Instant solar irradiation forecasting for solar power plants using different ANN algorithms and network models


YÜZER E. Ö., BOZKURT A.

Electrical Engineering, 2023 (SCI-Expanded) identifier

  • Publication Type: Article / Article
  • Publication Date: 2023
  • Doi Number: 10.1007/s00202-023-02067-z
  • Journal Name: Electrical Engineering
  • Journal Indexes: Science Citation Index Expanded (SCI-EXPANDED), Scopus, Academic Search Premier, Compendex, INSPEC, DIALNET
  • Keywords: Algorithms, Artificial neural networks, Forecasting, Solar energy, Solar irradiation
  • Hakkari University Affiliated: Yes

Abstract

Solar irradiation is a crucial parameter in the design and operation of solar energy systems. However, its long-term measurement everywhere is hindered by the maintenance and cost of measurement devices. Therefore, numerous research studies have been conducted to determine solar irradiation, leading to the development of various prediction models. Recently, artificial neural network (ANN) models have been shown to enable researchers to make more accurate predictions. This study aims to identify the most effective algorithms and functions for accurately predicting instantaneous solar irradiation using ANN models with different network structures. Five commonly used training algorithms and two different ANN architectures are examined in this study. These models are tested with various transfer functions, and the impact of the number of neurons in the hidden layer on prediction results is also investigated.
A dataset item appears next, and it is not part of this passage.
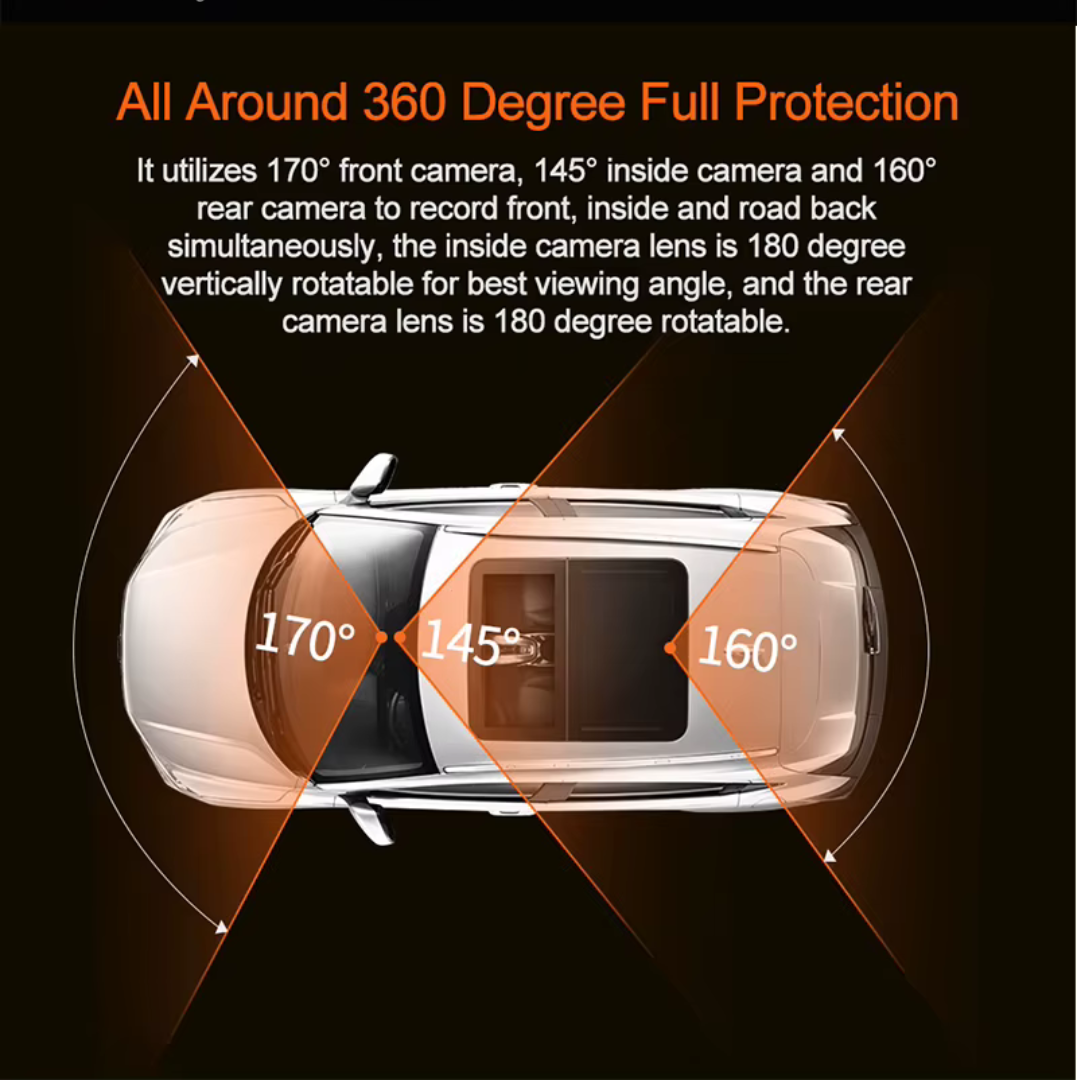 Camera auto 4K cu ecran LCD + camera spate 2K + camera interior 1080P DVR WIFI, Vizionare nocturna, Senzor Sony IMX 335
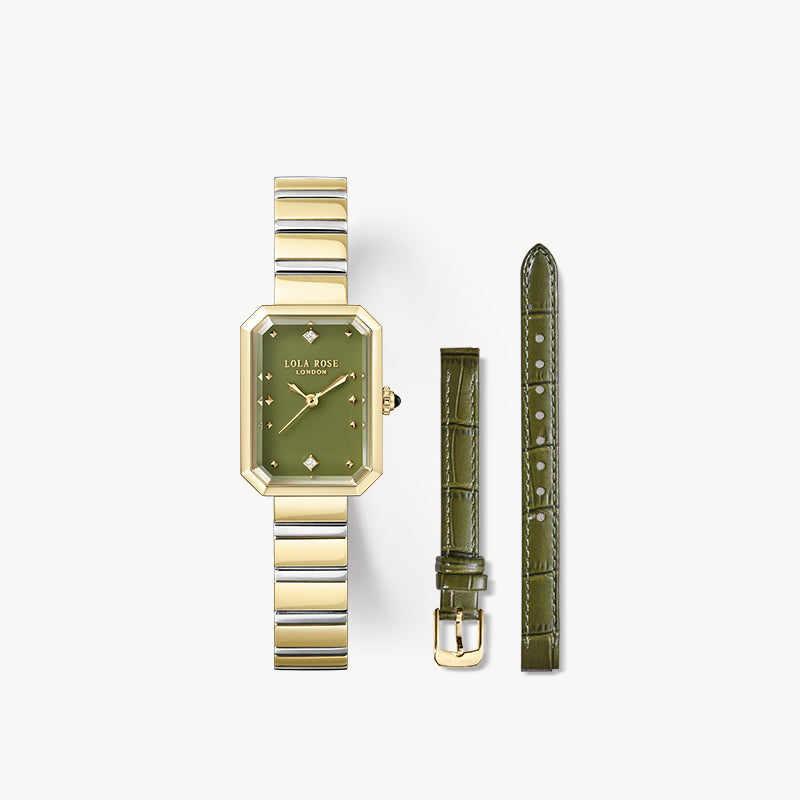 New Ms. Lola Green Onyx Watch With Two Strap Set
Meteorological data collected at 5-s intervals from a meteorology station in Hakkâri Province between 2019 and 2021, totaling one million data points, are used for model training. The ANN model with a network structure consisting of 100 neurons, trained with the Levenberg–Marquardt algorithm and “tansig” transfer function, achieved the best prediction performance with a correlation coefficient (R) of 0.9783 and a mean absolute percentage error of 6.79%. For an 80-10-10 data split, the mean-squared error, normalized root-mean-squared error, and mean bias error were found to be 0.024, 7.206, and 0.800, respectively. The solar irradiation prediction performance varied based on the training algorithm and particularly the transfer functions used. Similar approaches can be employed in regions where measurement devices cannot be installed, enabling successful prediction results even without direct irradiation measurements.